DATA LISTING ▸

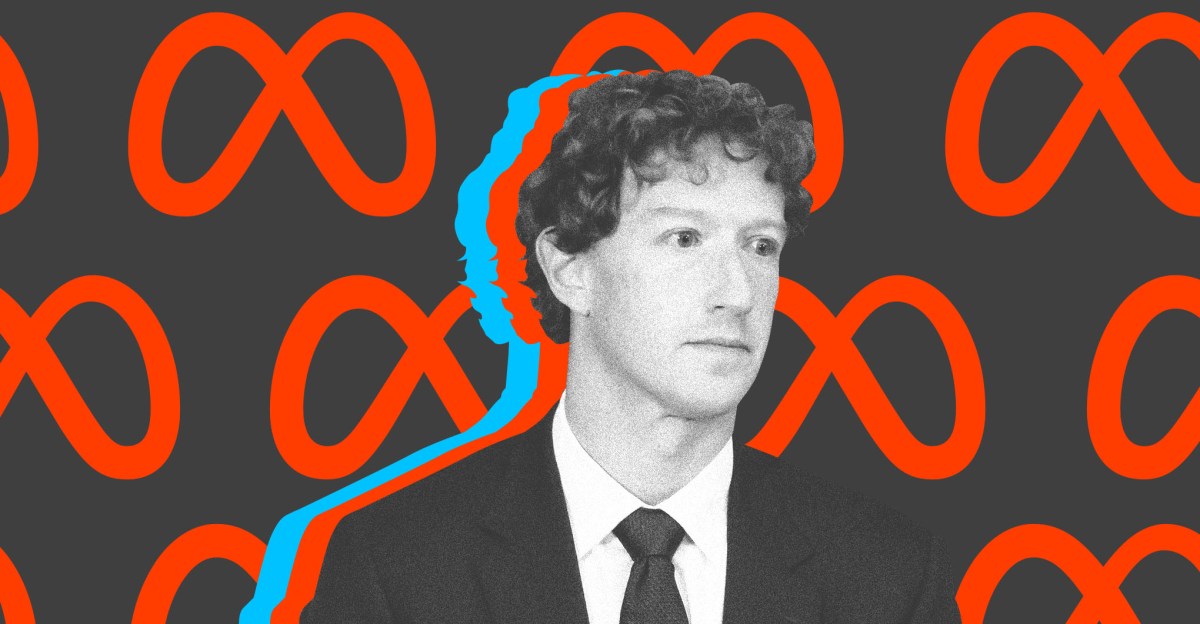 mark-zuckerberg-mengambil-sikap
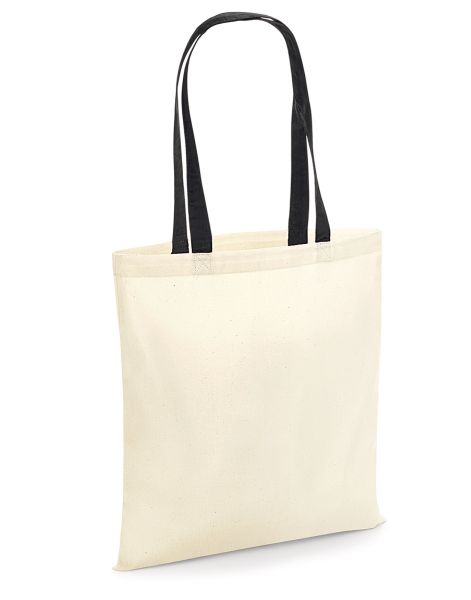 bag 4 life contrast handle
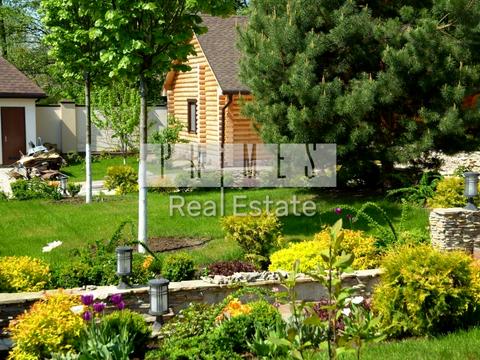 будинок за адресою с. Хлепча, Центральна вул.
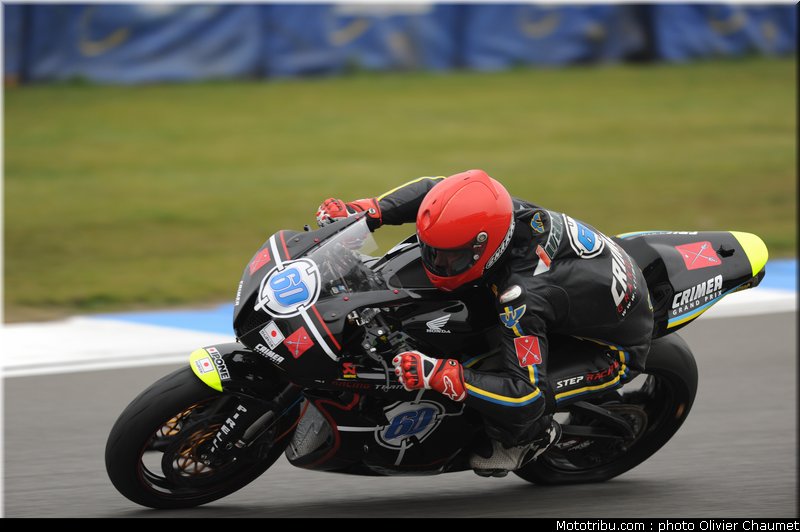 supersport_ivanov_1_angleterre_donington_2011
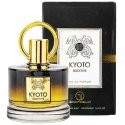 Grandeur Kyoto Selective - EDP 100ml Perfume Unisex EDP Grandeur Kyoto Selective - EDP 100ml Perfume Unisex EDP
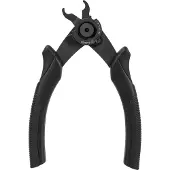 Topeak Værktøj Power Link Pro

YOUR INSTRUCTIONS ▸ The lines above must be transcribed exactly, with every picture left out.

EXPECTED ANSWER ▸
 mark-zuckerberg-mengambil-sikap
 bag 4 life contrast handle
 будинок за адресою с. Хлепча, Центральна вул.
 supersport_ivanov_1_angleterre_donington_2011
 Grandeur Kyoto Selective - EDP 100ml Perfume Unisex EDP Grandeur Kyoto Selective - EDP 100ml Perfume Unisex EDP
 Topeak Værktøj Power Link Pro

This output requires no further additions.